The housing market has come a long way from the bust of the late ’00s, when people learned hard, sometimes disastrous lessons about home value and equity and how close to disaster a housing bubble can bring the entire economy. Since then, the market — and homeowners — have tread through debilitating negative equity, increasing home value gains in most markets, and investment purchases from foreign home buyers.
In the wake of the housing market rebound, affordability has become an increasing problem. The inventory of homes for sale is small and shrinking, with homeowners and builders offering fewer units than they used to. People who are historically hurt by a housing crunch — low-income households and minorities — are feeling the squeeze, and for those on the economic bottom rung, it often means a fall into homelessness.
Zillow Research explored these issues and more over the past year. Here are some highlights:
The typical renter spends 29.1 percent of her income on rent, up from 25.8 percent historically. Resulting concerns about affordability laid the framework for much of Zillow Research’s rental analyses over the past year.
Changes in Washington, D.C., have raised a lot of questions regarding homeownership, from the implications of tax reform to the effect of changes to immigration policy.
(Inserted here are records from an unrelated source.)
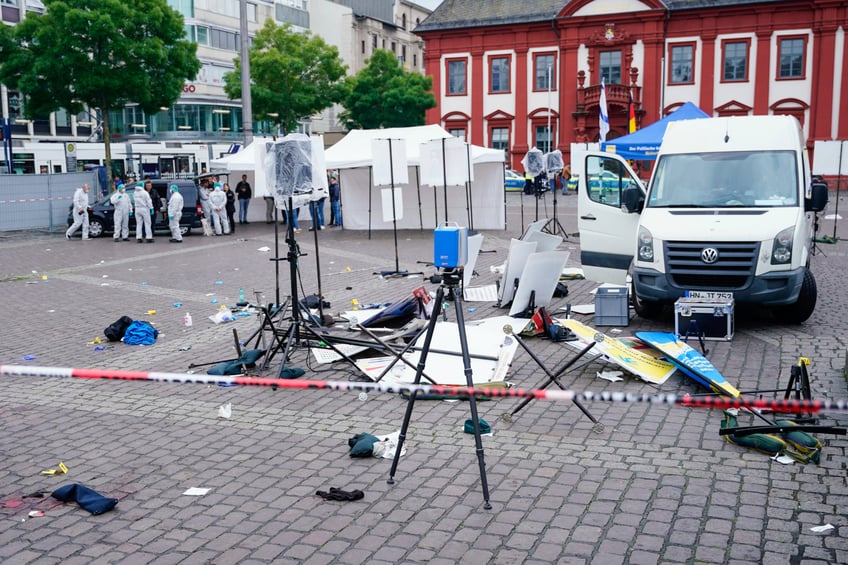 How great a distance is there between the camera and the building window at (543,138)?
178 ft

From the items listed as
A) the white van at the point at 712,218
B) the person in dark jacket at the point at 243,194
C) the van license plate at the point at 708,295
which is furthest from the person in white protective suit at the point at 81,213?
the van license plate at the point at 708,295

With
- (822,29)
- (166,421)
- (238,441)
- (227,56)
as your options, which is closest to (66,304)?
(166,421)

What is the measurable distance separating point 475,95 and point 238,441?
2014 inches

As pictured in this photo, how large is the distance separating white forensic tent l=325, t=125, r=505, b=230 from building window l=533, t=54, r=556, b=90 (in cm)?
3024

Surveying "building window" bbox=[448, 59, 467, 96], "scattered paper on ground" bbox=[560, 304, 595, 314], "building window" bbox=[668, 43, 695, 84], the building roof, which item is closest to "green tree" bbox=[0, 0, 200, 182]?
"scattered paper on ground" bbox=[560, 304, 595, 314]

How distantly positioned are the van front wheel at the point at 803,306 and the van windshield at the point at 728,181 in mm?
1002

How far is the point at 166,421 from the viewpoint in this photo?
24.0 ft

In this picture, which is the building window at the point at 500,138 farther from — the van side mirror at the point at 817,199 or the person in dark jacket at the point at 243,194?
the van side mirror at the point at 817,199

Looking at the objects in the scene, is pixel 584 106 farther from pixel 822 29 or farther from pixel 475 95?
pixel 822 29

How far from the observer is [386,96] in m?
59.8

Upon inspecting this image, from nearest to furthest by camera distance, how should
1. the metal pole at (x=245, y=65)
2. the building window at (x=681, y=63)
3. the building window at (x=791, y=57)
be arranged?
the metal pole at (x=245, y=65) → the building window at (x=791, y=57) → the building window at (x=681, y=63)

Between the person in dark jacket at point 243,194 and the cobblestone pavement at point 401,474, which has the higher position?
the person in dark jacket at point 243,194

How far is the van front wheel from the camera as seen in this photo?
10.5 m

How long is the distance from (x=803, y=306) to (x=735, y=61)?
1737 inches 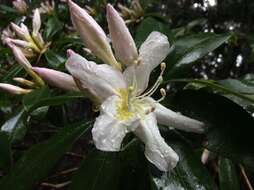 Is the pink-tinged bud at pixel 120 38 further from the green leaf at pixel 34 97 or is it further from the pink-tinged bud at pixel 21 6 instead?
the pink-tinged bud at pixel 21 6

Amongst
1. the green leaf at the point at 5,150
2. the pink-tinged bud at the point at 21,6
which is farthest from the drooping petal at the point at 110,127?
the pink-tinged bud at the point at 21,6

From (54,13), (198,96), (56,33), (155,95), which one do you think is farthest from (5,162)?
(54,13)

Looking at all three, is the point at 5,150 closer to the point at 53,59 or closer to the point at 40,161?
the point at 40,161

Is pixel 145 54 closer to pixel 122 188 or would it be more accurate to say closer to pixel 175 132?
pixel 175 132

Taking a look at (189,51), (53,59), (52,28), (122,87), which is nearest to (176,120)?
(122,87)

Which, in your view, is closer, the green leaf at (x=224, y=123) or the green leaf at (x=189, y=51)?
the green leaf at (x=224, y=123)

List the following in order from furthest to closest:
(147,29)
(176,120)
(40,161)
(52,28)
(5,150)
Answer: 1. (52,28)
2. (147,29)
3. (5,150)
4. (40,161)
5. (176,120)

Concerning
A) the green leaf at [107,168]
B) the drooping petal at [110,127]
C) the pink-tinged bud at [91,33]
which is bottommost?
the green leaf at [107,168]

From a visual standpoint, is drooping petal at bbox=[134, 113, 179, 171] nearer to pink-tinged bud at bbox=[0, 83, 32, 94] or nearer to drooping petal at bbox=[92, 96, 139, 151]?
drooping petal at bbox=[92, 96, 139, 151] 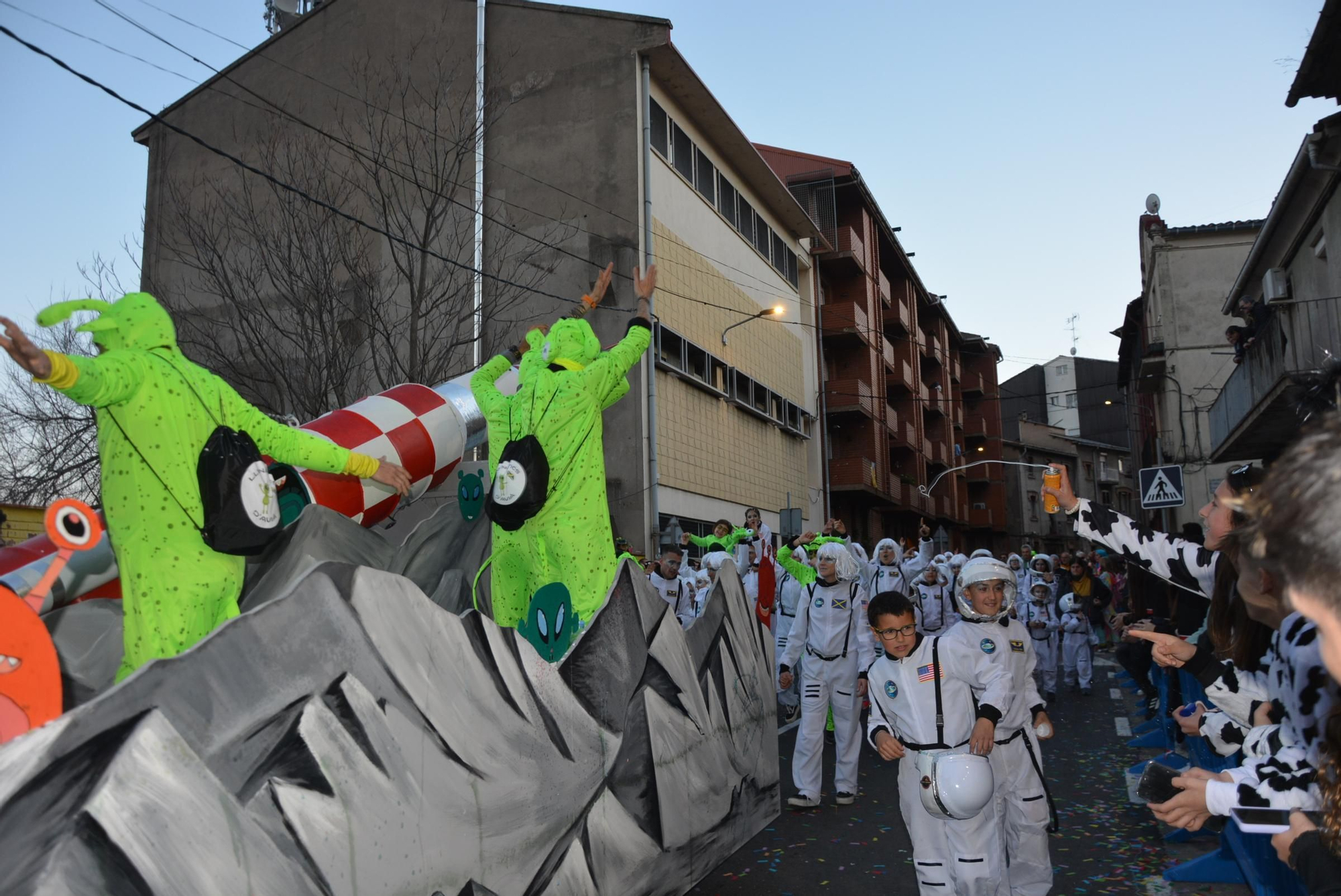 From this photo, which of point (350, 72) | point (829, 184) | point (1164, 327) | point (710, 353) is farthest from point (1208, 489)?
point (350, 72)

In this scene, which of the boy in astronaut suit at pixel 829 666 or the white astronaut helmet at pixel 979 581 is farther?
the boy in astronaut suit at pixel 829 666

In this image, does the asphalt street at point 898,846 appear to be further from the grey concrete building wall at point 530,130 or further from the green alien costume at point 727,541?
the grey concrete building wall at point 530,130

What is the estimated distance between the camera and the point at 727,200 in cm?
2458

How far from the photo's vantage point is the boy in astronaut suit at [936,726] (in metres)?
4.73

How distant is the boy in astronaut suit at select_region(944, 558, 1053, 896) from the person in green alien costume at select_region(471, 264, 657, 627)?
186 cm

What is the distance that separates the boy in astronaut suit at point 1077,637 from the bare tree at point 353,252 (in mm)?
9365

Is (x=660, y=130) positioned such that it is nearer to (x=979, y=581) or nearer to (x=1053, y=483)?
(x=979, y=581)

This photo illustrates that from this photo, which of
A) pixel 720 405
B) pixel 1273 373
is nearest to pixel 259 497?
pixel 1273 373

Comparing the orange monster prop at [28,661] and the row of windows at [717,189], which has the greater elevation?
the row of windows at [717,189]

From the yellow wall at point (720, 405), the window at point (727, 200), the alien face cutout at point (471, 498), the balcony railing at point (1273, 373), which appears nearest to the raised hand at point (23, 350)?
the alien face cutout at point (471, 498)

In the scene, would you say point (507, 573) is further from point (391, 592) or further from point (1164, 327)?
point (1164, 327)

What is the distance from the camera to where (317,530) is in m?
4.75

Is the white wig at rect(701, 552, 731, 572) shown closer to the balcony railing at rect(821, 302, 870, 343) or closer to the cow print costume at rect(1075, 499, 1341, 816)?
the cow print costume at rect(1075, 499, 1341, 816)

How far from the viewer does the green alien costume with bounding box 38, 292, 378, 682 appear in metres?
3.17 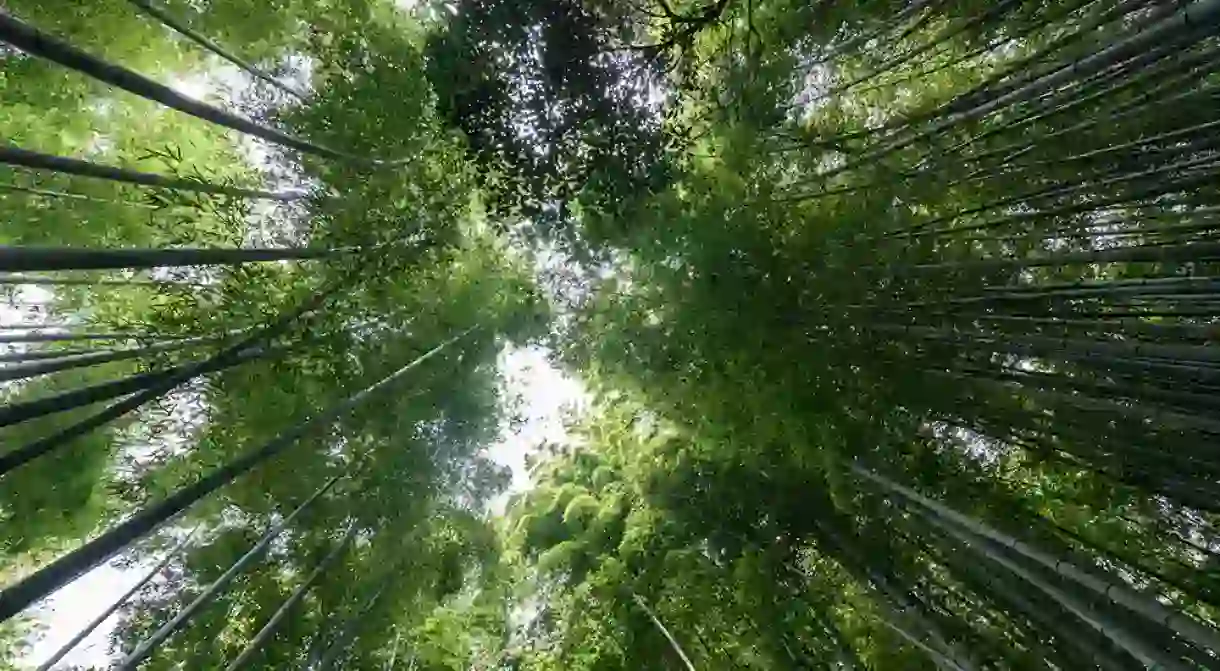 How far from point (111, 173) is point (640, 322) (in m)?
2.90

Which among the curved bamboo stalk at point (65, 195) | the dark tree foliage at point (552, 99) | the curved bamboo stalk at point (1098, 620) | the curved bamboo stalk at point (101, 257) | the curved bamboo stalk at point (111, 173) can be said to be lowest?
the curved bamboo stalk at point (1098, 620)

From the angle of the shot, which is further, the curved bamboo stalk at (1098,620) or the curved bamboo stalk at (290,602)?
the curved bamboo stalk at (290,602)

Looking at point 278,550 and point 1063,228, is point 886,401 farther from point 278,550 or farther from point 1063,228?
point 278,550

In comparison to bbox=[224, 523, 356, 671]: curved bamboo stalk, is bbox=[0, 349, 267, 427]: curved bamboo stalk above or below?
above

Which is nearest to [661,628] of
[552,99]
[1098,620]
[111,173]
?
[1098,620]

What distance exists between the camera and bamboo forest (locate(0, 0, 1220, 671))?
337cm

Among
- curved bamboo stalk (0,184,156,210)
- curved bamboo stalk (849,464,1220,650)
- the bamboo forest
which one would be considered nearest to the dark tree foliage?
the bamboo forest

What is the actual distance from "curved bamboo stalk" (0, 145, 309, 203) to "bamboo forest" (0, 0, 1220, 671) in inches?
1.4

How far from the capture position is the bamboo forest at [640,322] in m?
3.37

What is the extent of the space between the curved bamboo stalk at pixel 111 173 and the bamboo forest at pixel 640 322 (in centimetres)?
4

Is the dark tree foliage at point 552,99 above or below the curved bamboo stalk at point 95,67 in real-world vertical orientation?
above

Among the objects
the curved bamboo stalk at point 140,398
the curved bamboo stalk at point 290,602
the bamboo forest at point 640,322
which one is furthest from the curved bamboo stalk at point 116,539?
the curved bamboo stalk at point 290,602

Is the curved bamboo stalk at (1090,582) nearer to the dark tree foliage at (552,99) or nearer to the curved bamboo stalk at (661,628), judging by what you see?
the curved bamboo stalk at (661,628)

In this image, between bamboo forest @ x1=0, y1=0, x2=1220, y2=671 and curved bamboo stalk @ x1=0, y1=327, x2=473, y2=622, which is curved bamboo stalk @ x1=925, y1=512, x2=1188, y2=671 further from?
curved bamboo stalk @ x1=0, y1=327, x2=473, y2=622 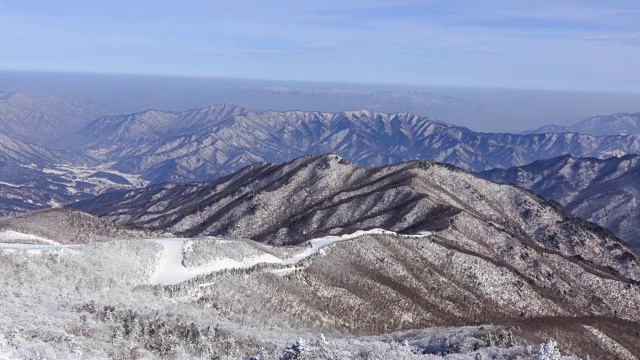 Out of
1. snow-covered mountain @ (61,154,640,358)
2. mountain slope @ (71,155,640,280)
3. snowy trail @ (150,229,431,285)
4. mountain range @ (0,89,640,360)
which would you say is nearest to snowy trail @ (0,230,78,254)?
mountain range @ (0,89,640,360)

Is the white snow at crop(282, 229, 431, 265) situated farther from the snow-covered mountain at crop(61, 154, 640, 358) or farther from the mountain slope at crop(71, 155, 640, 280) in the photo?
the mountain slope at crop(71, 155, 640, 280)

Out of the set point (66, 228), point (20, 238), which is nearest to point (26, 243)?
point (20, 238)

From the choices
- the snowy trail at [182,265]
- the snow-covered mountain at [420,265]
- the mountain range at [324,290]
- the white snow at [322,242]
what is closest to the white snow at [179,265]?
the snowy trail at [182,265]

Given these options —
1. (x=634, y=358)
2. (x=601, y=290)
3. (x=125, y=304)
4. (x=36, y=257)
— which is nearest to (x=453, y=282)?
(x=634, y=358)

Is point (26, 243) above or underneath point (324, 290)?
above

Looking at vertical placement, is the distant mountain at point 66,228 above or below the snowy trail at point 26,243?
below

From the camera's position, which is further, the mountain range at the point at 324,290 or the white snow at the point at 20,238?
the white snow at the point at 20,238

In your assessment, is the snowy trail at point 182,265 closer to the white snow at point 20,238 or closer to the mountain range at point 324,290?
the mountain range at point 324,290

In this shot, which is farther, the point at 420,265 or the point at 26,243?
the point at 420,265

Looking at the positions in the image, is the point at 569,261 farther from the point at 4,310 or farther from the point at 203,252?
the point at 4,310

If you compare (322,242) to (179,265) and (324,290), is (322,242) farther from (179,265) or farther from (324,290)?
(179,265)

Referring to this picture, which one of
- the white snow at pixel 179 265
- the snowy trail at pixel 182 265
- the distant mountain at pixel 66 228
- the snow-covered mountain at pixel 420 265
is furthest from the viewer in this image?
the distant mountain at pixel 66 228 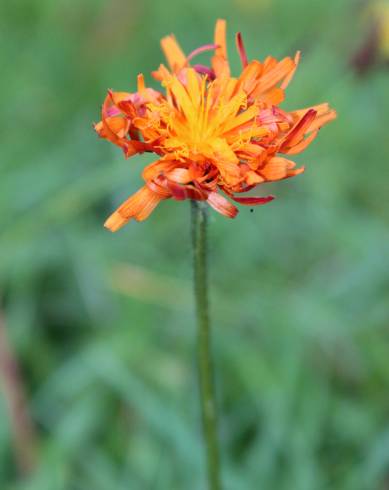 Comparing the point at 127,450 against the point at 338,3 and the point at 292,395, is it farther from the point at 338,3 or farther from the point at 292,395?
the point at 338,3

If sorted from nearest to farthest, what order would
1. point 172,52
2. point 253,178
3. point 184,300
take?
point 253,178, point 172,52, point 184,300

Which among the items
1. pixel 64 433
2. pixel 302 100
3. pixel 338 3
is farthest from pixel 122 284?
pixel 338 3

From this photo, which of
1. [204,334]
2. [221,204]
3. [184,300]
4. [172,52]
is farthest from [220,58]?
[184,300]

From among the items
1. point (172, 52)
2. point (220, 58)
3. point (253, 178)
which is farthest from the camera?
point (172, 52)

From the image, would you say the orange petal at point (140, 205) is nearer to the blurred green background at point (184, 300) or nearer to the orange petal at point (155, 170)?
the orange petal at point (155, 170)

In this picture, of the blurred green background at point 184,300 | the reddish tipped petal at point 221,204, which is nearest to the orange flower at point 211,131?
the reddish tipped petal at point 221,204

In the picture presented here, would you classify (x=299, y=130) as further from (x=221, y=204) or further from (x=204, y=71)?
(x=204, y=71) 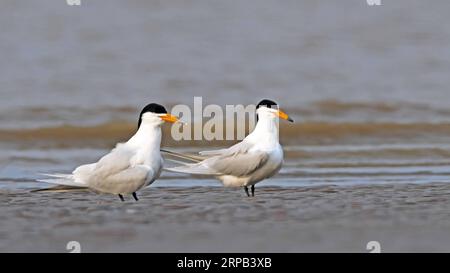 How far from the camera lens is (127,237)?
6.10 m

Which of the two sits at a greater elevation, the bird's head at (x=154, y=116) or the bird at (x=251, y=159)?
the bird's head at (x=154, y=116)

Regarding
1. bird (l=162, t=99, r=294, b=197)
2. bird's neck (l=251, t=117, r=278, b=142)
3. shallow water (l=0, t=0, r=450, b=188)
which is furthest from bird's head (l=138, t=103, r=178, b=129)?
shallow water (l=0, t=0, r=450, b=188)

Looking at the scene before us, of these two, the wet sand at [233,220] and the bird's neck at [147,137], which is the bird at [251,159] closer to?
the wet sand at [233,220]

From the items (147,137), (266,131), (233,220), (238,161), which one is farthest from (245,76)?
(233,220)

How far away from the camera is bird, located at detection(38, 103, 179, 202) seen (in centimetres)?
710

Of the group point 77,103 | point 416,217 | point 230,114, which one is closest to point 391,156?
point 230,114

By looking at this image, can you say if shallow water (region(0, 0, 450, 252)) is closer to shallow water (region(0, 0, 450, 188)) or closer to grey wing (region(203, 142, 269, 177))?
shallow water (region(0, 0, 450, 188))

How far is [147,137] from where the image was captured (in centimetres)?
729

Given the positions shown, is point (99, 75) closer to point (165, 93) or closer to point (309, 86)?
point (165, 93)

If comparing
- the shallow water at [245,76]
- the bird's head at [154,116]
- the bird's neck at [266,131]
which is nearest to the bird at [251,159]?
the bird's neck at [266,131]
Homeownership has long been divided along race and economic lines. In some ways, the housing bust only deepened the divide.
When people cannot afford housing, their health suffers — and, sometimes, they become homeless. Zillow Research documented the correlation between rising rents and the growing homeless population — and documented how commonplace housing insecurity has become.
Following the previous year’s look at how many homes would be underwater if the seas rose 6 feet over the next century, as some experts predict it will, Zillow Research examined the breakout of those areas by home value. We also delved into the housing implications of recent wildfires and floods.
As the largest, most-trusted and vibrant home-related marketplace in the world, Zillow has a lot of data that can be used to help people decide when and how to buy and sell homes.
Some governments have tried to slow the influx of foreign home buyers, fearing they’re driving up prices. Zillow Research looked at the issue through a U.S. lens.